- [Problem statement]:
In the material below, list every line carrying the string "with".

- - -

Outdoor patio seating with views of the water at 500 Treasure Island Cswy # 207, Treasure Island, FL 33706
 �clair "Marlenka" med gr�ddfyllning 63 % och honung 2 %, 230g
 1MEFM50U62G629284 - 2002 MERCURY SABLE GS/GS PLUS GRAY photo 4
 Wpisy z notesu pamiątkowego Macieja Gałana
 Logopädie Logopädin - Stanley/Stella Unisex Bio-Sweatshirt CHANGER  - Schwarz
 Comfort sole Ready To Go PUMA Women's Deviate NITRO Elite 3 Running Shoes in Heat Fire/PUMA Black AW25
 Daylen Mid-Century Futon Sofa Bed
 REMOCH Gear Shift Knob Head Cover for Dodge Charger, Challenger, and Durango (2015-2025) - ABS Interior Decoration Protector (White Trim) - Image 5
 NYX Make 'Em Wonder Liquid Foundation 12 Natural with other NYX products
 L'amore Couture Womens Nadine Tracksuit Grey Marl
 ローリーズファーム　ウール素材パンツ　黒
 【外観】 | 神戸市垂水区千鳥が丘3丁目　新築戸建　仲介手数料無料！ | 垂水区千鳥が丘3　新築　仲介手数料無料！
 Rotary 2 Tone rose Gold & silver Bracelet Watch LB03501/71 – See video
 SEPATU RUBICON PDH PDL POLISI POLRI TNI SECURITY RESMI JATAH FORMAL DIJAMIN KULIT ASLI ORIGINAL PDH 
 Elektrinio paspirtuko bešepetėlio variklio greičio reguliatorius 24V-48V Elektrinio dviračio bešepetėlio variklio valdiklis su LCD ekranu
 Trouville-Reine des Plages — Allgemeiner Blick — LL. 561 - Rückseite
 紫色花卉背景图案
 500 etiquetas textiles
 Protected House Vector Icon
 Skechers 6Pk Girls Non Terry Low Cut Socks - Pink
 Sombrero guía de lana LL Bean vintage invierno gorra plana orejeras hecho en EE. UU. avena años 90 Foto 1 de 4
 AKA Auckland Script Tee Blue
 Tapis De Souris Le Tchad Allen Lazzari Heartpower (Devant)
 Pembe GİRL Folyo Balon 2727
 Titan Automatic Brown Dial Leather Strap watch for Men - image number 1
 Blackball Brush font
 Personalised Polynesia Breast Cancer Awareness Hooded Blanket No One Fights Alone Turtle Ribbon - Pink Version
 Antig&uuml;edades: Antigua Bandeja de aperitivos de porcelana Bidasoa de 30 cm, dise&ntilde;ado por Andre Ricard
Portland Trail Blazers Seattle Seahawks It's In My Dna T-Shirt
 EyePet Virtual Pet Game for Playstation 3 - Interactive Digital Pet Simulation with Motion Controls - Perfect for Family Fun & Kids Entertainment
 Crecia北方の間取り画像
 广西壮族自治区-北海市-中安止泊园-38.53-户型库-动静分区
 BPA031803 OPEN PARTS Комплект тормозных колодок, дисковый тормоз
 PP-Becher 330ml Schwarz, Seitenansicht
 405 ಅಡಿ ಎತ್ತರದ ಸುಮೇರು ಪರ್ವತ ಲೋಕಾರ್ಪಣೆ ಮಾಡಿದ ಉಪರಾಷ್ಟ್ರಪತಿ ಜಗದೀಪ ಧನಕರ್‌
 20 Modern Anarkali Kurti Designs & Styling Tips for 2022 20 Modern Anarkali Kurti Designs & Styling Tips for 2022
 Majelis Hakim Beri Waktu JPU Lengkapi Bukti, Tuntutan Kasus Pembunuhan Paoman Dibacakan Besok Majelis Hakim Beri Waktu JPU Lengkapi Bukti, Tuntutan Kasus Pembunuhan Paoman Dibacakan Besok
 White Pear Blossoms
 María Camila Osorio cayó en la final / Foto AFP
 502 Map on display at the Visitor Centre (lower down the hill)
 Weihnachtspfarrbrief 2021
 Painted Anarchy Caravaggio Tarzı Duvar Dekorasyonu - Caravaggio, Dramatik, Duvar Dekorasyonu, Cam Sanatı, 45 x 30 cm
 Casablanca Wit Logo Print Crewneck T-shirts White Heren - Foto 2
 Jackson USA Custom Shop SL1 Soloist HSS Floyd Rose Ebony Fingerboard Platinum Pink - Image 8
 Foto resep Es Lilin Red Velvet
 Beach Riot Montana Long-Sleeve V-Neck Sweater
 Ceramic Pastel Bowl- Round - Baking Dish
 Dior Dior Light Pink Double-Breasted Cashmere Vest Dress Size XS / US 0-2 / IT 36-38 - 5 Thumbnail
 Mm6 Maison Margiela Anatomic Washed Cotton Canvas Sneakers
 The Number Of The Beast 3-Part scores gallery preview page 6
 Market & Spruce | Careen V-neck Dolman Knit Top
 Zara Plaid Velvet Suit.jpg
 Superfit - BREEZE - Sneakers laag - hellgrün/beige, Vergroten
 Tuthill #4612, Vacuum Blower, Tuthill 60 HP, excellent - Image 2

- - -

- [Exercise output]:
Outdoor patio seating with views of the water at 500 Treasure Island Cswy # 207, Treasure Island, FL 33706
 NYX Make 'Em Wonder Liquid Foundation 12 Natural with other NYX products
 EyePet Virtual Pet Game for Playstation 3 - Interactive Digital Pet Simulation with Motion Controls - Perfect for Family Fun & Kids Entertainment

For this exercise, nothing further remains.